Laurie, this is a wonderful story of all sorts of ways of teaching about and being charitable. From the first coming together to actually outfitting your pre-school (and the many wonderful donations of “stuff” and time…all valuable) to get the school up and running, to the ways you taught your little charges in ways they could understand how to think about being grateful and giving back. Kudos for you, your kind and generous heart and all that you’ve done for children throughout your life.
Betsy, as I reflect back on the experience I was the lucky recipient of the generosity of so many who came together to serve a common vision.
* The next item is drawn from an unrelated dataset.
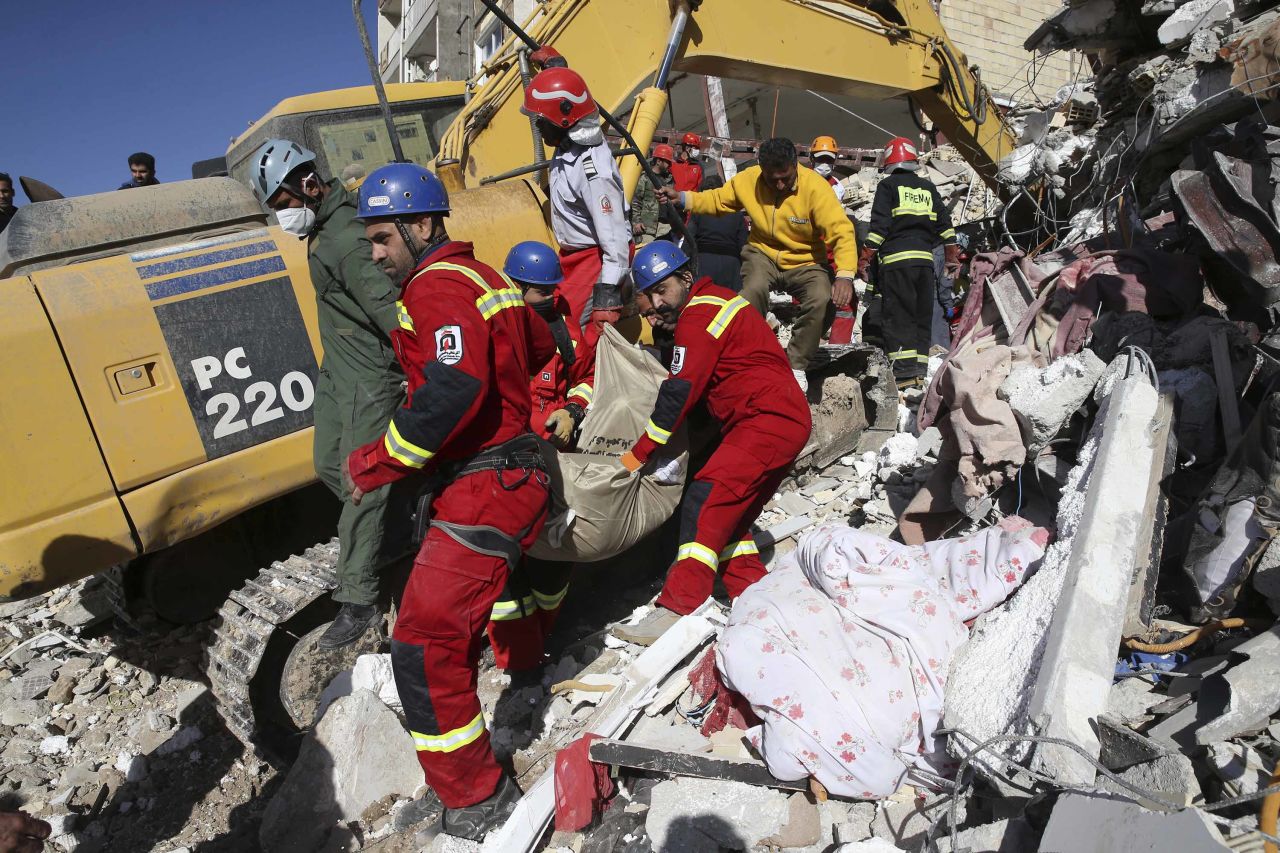 Members of the emergency services carry away the body of an earthquake victim in Sarpol-e-Zahab on November 14.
Laurie, what a tribute to your vision for Cherry Preschool that so many gave so selflessly to help you found it.
And what lucky children who were nurtured in that wonderful place.
What an accomplishment, congratulations!
Thanks, Dana. The accomplishment was in the team of people who united to achieve a common goal for the good of other people’s children as well as their own.
Laurie, I love the phrase “caring and sharing” as another way of saying “charity” — it seems to have more warmhearted ring to it. I can just imagine how fulfilling it must have been to build your preschool from the ground up and feel certain the children must have absorbed all that community spirit, generosity, and gratitude. You’ve done so much good work, and of course I share your hopes!
Thanks, Barbara. Yes, starting the school was up there just after my marriage, the birth of my children and grandchildren. I have to hope that some of those kids will go on to do the important work our country so desperately needs right now. When I reflected on this prompt, I realized that our school was the recipient of amazing acts of charity and we needed to pay it forward.
Laurie, this is such a beautiful story! Coming to the comments late, I feel like everything has been said, and I agree with all of it. You have told other stories about Cherry Preschool, so we already knew a little bit about it, but this one, as it first talks about all the donations you received to start it up, and then how you taught the preschoolers to care and share, is the best illustration I can imagine for this week’s prompt! If you haven’t already done so, you should publish this in a place where it will be seen by a much larger community than we have here.
Thanks, Suzy. It was a magical experience and also a powerful lesson for me on the true meaning of charity. I will forward it to the school as they may want to put it on their website. As the school get older and thus further from its origin story, I feel melancholy that the parents who send their kids there now often have no idea about how the school began.